Since the last few years, marketing industry, as we say, has fully arrived. It has marked its territory with a permanent marker. Not only has marketing advanced from the traditional structure, it has also created careers for people. Though most organisations have a separate department for marketing, it doesn’t stop there. It manifests evidently in the activities of other functions as well. For example- a person applying for the role of a content marketer, will require both the knack for writing, and thorough knowledge in digital marketing. Another such example is Talent Marketing. There may not be a specific department for Talent Marketing unless it is a fairly large, but unconsciously every organisation takes part in this to attract quality talent. The concept is very similar to traditional marketing, i.e. , sellers attracting potential customers. Only here customers are replaced with candidates.
Why should a candidate choose your company out of the many potential offers he has received? What makes you different? This is what Talent Marketing answers. It means selling your company’s culture and value proposition as an employer. There are many ways in which this can be approached, and most of them are fairly simple to implement.
Blogs related to your company’s expertise, videos which candidates will find intriguing, and also get an idea of what your company believes in.
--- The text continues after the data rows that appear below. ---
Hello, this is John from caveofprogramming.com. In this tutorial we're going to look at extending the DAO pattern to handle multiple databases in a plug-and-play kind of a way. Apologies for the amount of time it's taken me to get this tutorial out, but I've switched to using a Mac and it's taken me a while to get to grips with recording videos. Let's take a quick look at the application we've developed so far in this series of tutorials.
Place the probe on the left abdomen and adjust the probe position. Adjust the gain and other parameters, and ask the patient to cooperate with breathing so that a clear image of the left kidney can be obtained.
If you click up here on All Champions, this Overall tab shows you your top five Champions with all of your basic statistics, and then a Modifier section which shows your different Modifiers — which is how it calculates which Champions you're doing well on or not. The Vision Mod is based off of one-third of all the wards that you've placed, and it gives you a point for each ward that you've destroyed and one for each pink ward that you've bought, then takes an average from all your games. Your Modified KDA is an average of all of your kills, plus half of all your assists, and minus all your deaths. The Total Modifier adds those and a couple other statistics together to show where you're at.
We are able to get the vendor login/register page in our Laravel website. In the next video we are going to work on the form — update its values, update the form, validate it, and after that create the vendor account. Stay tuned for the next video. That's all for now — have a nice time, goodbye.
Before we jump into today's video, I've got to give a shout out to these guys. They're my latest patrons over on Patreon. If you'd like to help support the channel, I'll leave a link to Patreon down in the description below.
Further, company’s website, is the most common yet effective method to set an impression. The first thing a candidate does after hearing of a potential job opportunity, is to go through the website. The basic thing he/she looks for is “About the company”, and “Motive or Vision”. ‘First impression is the last impression’, is not only true for the employer taking an interview, but also for the candidate when he/she visits the website or meets his/her interviewers. It is difficult to cater to the different preferences of candidates. What works for one may not work for the other. But there are a few things which can completely change the mind of a candidate while looking at the company’s website. For example, an ad popping up as soon as the site opens will create a significant annoyance for the visitor. Too many pop ups , or a complicated interface can add to the negative list for the company. Hence, over marketing is never a wise choice. On the contrary, a section on CSR activities posted by a company on their website can create a positive impact.
Apart from the website aspect and social presence in general, candidate experience, (as soon as he/she enters your premises) is crucial, now this is counter intuitive to the infographic you see at the top of the blog. While traditional thinking is that Talent Marketing stops once a candidate has applied for an opportunity, the reality is that’s when the “rubber hits the road”. If not more its equal to a traveller entering a hotel he booked for holidays. The candidate may not have invested in monetary terms, but he/she comes with time, energy, and qualifications which your organisation desires. Long waiting hours, poor coordination, cold communication, are characteristics which aren’t overlooked by the candidates. So Talent Marketing is actually every touchpoint of the candidate with the organization and if anything else, the start of the application process marks the “business end” of talent marketing.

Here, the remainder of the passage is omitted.